### Dataset extract

========

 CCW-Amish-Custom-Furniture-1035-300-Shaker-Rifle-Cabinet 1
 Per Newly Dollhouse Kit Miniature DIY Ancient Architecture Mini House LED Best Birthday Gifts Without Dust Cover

========

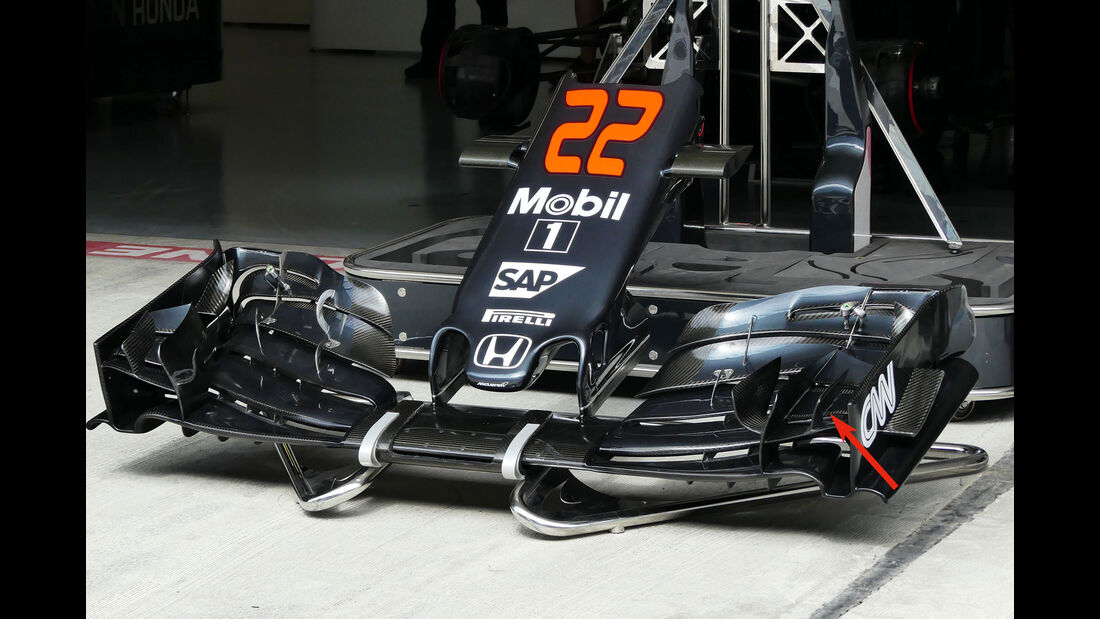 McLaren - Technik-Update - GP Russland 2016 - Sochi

========

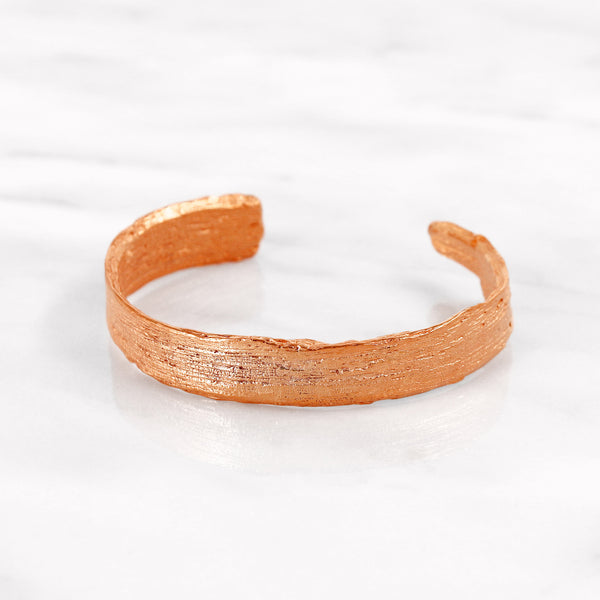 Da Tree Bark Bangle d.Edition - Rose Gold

========

Working from the material above, restate word for word the lines between the line with "CCW-Amish-Custom-Furniture-1035-300-Shaker-Rifle-Cabinet 1" and the line with "Per Newly Dollhouse", both included, and only those.

 CCW-Amish-Custom-Furniture-1035-300-Shaker-Rifle-Cabinet 1
 Per Newly Dollhouse Kit Miniature DIY Ancient Architecture Mini House LED Best Birthday Gifts Without Dust Cover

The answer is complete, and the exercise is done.